# [Data section]
+ + + + + + +
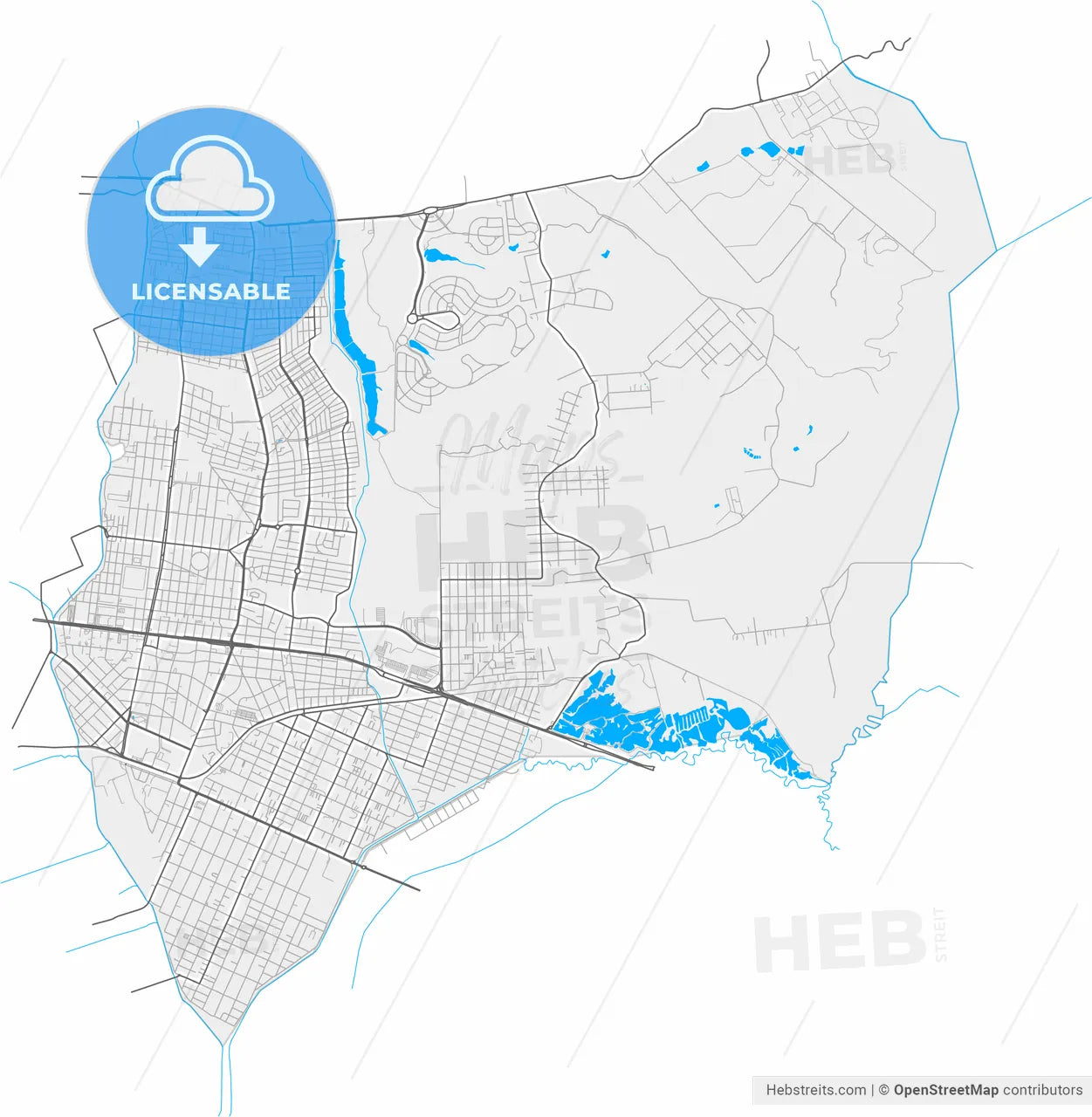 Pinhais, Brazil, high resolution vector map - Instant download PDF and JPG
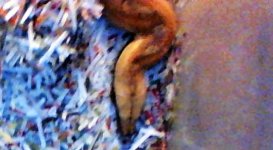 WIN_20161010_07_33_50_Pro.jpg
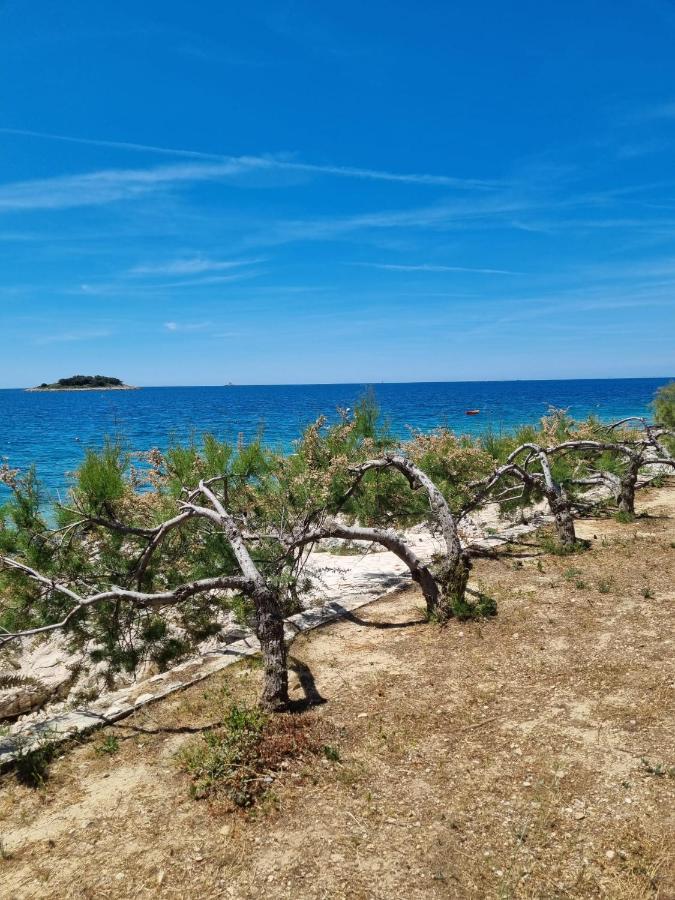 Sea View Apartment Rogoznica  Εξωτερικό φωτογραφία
+ + + + + + +
# [What is being asked]
Since only the text is needed, retype the data above exactly and omit the pictures.

# [Response to this task]
 Pinhais, Brazil, high resolution vector map - Instant download PDF and JPG
 WIN_20161010_07_33_50_Pro.jpg
 Sea View Apartment Rogoznica  Εξωτερικό φωτογραφία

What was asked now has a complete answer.